In President Obama’s own words, too many American workplaces resemble scenes from Mad Men. Many employers’ attitudes toward family-friendly reforms seem to stem from the same unenlightened era—that is, at least, until they see the bottom-line results that these reforms can inspire. For a nation that claims to value family, the United States has an abysmal record on family-friendly workplace policies. Without access to maternity and paternity leave, affordable childcare and paid sick leave, working parents have almost no flexibility to balance the needs of their families with the requirements of their jobs. In short, when it comes to family-friendly labor policies, America is, indeed, exceptional—exceptionally backward.
Take paid sick days. As I’ve written previously, more than 40 million Americans, mostly low-income workers, lack access to paid sick leave. No matter how ill they are, they must clock in—and they could lose their jobs if they stay home to care for a sick child or aging parent. Meanwhile, childcare remains prohibitively expensive, and the United States has yet to enact universal pre-K, all of which leave even middle-class working parents with few affordable options for their little ones.
Paid sick days are overwhelmingly popular across ideological lines. Ninety-six percent of Democrats, 87 percent of independents and 73 percent of Republicans support the policy. Moreover, this popularity is supported by the data. Five years after the 2004 implementation of California’s Paid Family Leave program, for example, employers reported a neutral or positive affect on employee productivity, profitability and turnover. New Jersey’s program saved businesses money by improving employee retention, decreasing turnover and boosting productivity. Also, it’s simply common sense. The chief lobbyist against the paid sick leave bill in San Francisco told Businessweek that, among various workplace reforms, paid sick leave offers “the best public policy for the least cost. Do you want your server coughing over your food?”
Then there’s maternity and paternity leave. Today, around 2 million men stay at home to raise their children. Beyond that, even the masses of men who aren’t primary caregivers are increasingly involved in the details of childrearing. But while men are more hands-on than ever before, they are nevertheless experiencing more conflict between their work and family roles than they did thirty years ago.

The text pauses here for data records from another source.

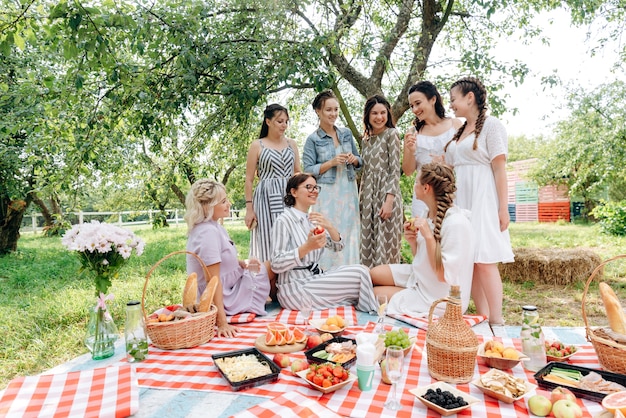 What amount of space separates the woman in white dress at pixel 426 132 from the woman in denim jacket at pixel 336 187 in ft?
2.67

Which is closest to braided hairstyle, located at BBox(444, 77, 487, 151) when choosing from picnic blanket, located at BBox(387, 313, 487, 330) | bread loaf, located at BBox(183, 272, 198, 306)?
picnic blanket, located at BBox(387, 313, 487, 330)

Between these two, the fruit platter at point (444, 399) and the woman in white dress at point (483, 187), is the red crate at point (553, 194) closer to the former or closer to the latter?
the woman in white dress at point (483, 187)

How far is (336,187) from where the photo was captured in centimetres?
521

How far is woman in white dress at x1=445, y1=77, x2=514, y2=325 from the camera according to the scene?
369cm

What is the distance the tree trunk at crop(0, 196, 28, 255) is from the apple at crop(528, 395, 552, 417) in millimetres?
14100

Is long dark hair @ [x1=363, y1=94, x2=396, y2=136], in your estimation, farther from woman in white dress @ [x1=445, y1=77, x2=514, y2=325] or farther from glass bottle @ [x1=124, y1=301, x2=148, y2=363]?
glass bottle @ [x1=124, y1=301, x2=148, y2=363]

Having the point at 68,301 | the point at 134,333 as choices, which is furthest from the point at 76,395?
the point at 68,301

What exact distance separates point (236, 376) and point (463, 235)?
200 centimetres

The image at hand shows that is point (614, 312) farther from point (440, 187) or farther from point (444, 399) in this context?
point (440, 187)

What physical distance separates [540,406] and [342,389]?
1.00 meters

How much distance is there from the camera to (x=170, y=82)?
5012mm

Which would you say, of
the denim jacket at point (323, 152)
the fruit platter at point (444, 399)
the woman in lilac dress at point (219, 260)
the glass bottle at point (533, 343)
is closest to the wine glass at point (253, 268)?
the woman in lilac dress at point (219, 260)

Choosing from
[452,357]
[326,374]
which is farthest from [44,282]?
[452,357]

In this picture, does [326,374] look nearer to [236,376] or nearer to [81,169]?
[236,376] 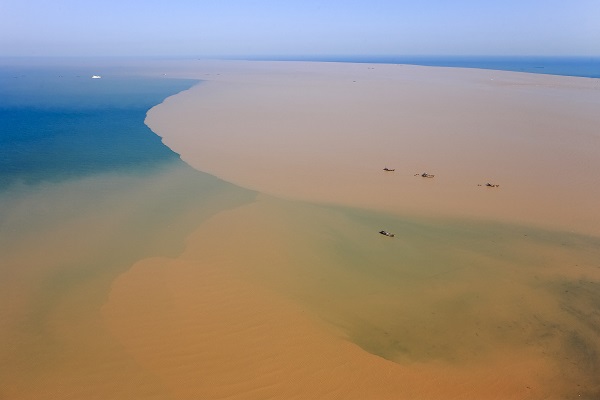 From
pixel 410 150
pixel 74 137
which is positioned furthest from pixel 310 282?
pixel 74 137

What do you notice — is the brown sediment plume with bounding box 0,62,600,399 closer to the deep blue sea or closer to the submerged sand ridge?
the submerged sand ridge

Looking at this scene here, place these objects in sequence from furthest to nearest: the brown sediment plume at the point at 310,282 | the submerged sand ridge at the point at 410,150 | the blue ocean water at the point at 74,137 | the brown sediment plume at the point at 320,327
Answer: the blue ocean water at the point at 74,137 → the submerged sand ridge at the point at 410,150 → the brown sediment plume at the point at 310,282 → the brown sediment plume at the point at 320,327

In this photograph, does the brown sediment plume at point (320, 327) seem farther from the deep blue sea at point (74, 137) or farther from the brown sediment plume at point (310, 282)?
the deep blue sea at point (74, 137)

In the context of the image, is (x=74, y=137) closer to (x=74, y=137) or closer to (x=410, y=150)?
(x=74, y=137)

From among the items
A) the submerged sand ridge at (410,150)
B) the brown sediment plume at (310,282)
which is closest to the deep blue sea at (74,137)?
the submerged sand ridge at (410,150)

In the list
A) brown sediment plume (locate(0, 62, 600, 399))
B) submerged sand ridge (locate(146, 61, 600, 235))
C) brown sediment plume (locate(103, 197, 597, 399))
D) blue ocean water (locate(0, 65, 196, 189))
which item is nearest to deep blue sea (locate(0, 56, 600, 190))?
blue ocean water (locate(0, 65, 196, 189))

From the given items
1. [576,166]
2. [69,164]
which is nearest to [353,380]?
[576,166]

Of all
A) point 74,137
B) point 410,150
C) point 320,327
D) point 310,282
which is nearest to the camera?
point 320,327

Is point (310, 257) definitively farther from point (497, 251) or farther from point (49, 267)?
point (49, 267) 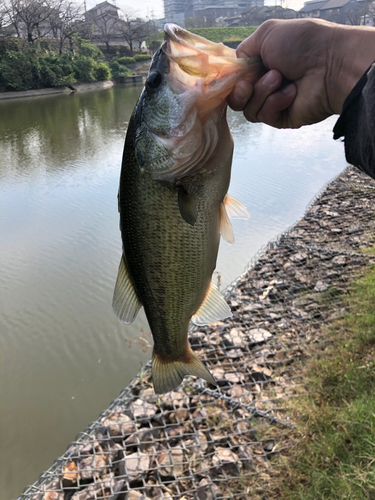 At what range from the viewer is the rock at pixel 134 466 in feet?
8.12

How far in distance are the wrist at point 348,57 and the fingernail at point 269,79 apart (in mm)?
333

Under the Family and Medical Leave Act of 1993, many, but not all, employees are allowed to take up to twelve weeks of unpaid leave for things like illness and the birth of a child, without the risk of losing their jobs. However, up to 40 percent of workers do not meet the law’s strict eligibility requirements. The United States is the only Western country that does not mandate paid maternity leave—and just 14 percent of employers offer paid leave for new fathers. Moreover, while new mothers physically have no choice but to take at least some time off—even at the risk of losing pay or even their jobs—one study found that 86 percent of working fathers would not use paternity leave unless they were paid at least 70 percent of their salaries. The same study revealed that fathers generally take a meager two weeks off from work after the birth of a new child.